Citizens Bank is providing a combination of Homebuyer Data for October –
December 2019 and Credit Bureau and demographic data for April – September 2019.
Project ideas include predicting how many people in each zip9 area will buy
homes from October – December 2019 and predicting which of these people will buy
their first home.
SIMULIA is providing two cases of data representing laser paths that interact
or do not interact with the part boundary. The challenge is to predict
temperatures and melt pool dimensions of a given point. The problem set aims at
building a simulation data driven machine learning model to provide fast
predictions on the melt pool physics to enable process planning and control.
Fidelity is sponsoring a Corona Impact / Monitoring challenge in which
participants look at travel data and make predictions on the potential impacts
of the COVID-19 on tourist and traveler arrivals in the US. Participants are
encouraged to consider both modelling and visualization projects.
LUNAR Lab: WikiAtomicEdits
This dataset provided by the
contains atomic Wikipedia edits containing both
insertions (13.7 million examples) and deletions (9.3 million examples) of a
contiguous chunk of text in an English-language sentence. Potential projects
include language modelling experiments to show the difference in semantic
encoding between models trained on WikiAtomicEdits and raw, unstructured text or
predicting insertion location.
Accessing the Datasets
We've also provided a public Datathon 2020 Google Shared folder that you can use to
access each public dataset. This folder also contains Google Colaboratory ("Colab")
notebooks with information from the dataset providers, including basic exploratory data
analysis and baseline models. We recommend taking a look at these notebooks to get
shared on your project.
Be sure to also check out the README and the Judging Guidelines document in
this shared folder.
If you'd like to work with this dataset, you must first read and agree to an NDA. Among other things, the NDA prevents you from using this data for any future work and publishing any information related to this data without express permission from SIMULIA.

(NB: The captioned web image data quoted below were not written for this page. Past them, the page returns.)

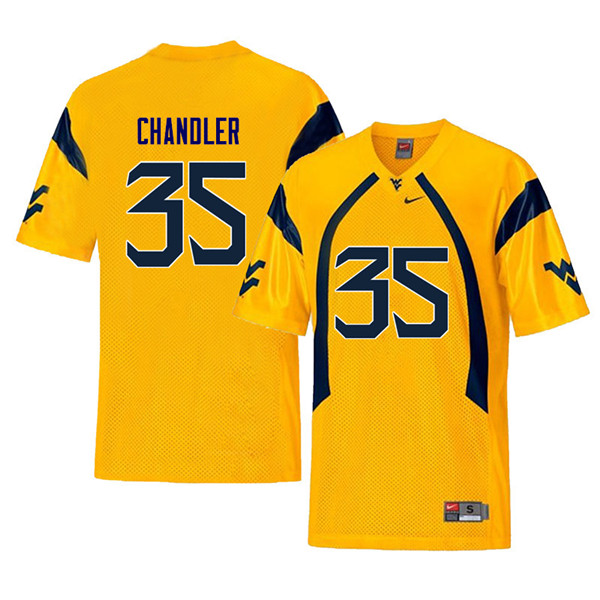 NCAA Men's Josh Chandler West Virginia Mountaineers Yellow #35 Nike Stitched Football College Throwback Authentic Jersey PJ23V31XG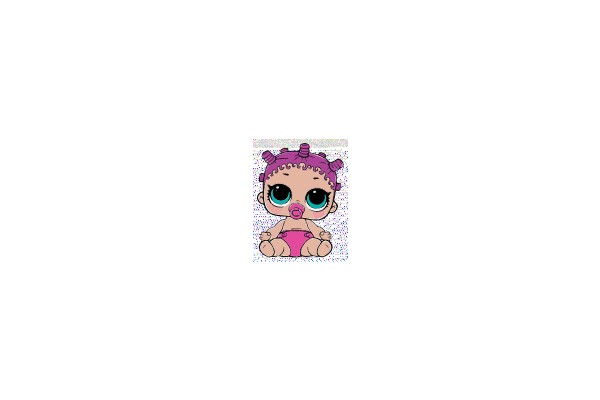 Cute Baby with Purple Hair and Pink Outfit.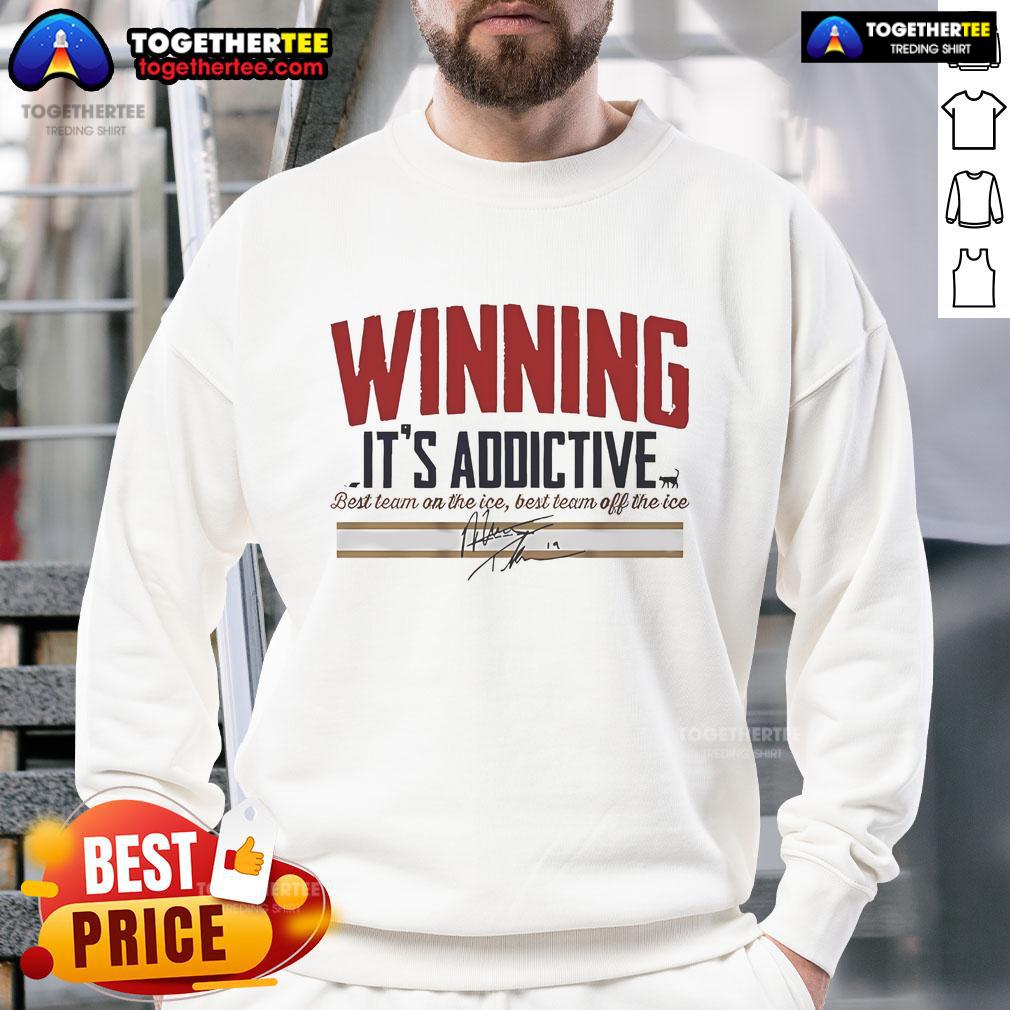 Official Matthew Tkachuk Winning It's Addictive Signature T-Shirt - Image 5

Entering your name in the Google Form is your electronic signature and reflects your agreement to these policies. Keep in mind that this agreement means you may not push any of the data to your github account or publish your final project on the Datathon Devpost. SIMULIA will communicate how to hand in your submission, but this will likely be done through Kaggle. Once you sign the NDA form, you will be added shortly to the private Google Drive with the data from SIMULIA, where you can also interact with an example Colab notebook.